A writer for Numismatic News, a magazine about coin collecting, is lobbying Congress for a series of Route 66 commemorative half-dollar coins that would be minted in 2016 — the 90th anniversary of the Mother Road — and is advocating others to lobby for them as well.
Mike Olson, who is a member of the Citizens Coinage Advisory Committee and a Route 66 traveler, said this. The key part is the last paragraph:
With the 90th anniversary of the establishment of Route 66 in 2016, the Citizens Coinage Advisory Committee has twice recommended a series of half dollars to commemorate the event, in both its 2011 and 2012 annual reports. The series of eight clad half dollars, one each for the states of Illinois, Missouri, Kansas, Oklahoma, Texas, New Mexico, Arizona and California would bear a common reverse and a state specific obverse.
Imagine the possibilities this series would provide to capture the unique history, architecture and landscapes along the Route, on coins the size of a half dollar: A sports car speeding through the California desert, the Marsh Rainbow Arch bridge in Kansas, the Cadillac Ranch in Texas, the Chain of Rocks bridge over the Mississippi, the Art Deco and Streamline Moderne commercial buildings. These are just a few examples that come to mind.
The CCAC recommendation calls for not more than a total of 750,000 clad half dollars for each of the eight coin series, making for a very unique, fun and collectible set that would celebrate the American spirit and experience as never before.
A design contest would almost certainly result in some fantastic proposals from artists who are very familiar with Route 66 and what it has to offer artistically. This commemorative series would introduce a new generation of young collectors to an American treasure and stimulate further exploration by American and foreign visitors alike.

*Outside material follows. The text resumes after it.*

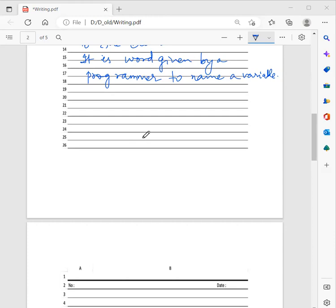A variable name is the name given to a storage area that our program runs or manipulates. Each variable in C has a specific type which determines the size and layout of the variable in memory — like integer, float, or character — which determines what type of value we store and the size required. The name of a variable can be composed of letters, digits, and underscore characters, and it must begin with either a lowercase or uppercase letter.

At this point, the commemoration of 90th anniversary of the establishment of Route 66 in 2016 remains a recommendation of the Citizens Coinage Advisory Committee. In order for this series of coins to become reality, Congress must pass a bill that is signed by the President. Those with an interest in seeing this series produced should contact their members of Congress.
Fortunately, the Internet makes it very easy for anyone in the United States to contact their congressman. If you think a Route 66-inspired half-dollar is a good idea, let the lawmakers know.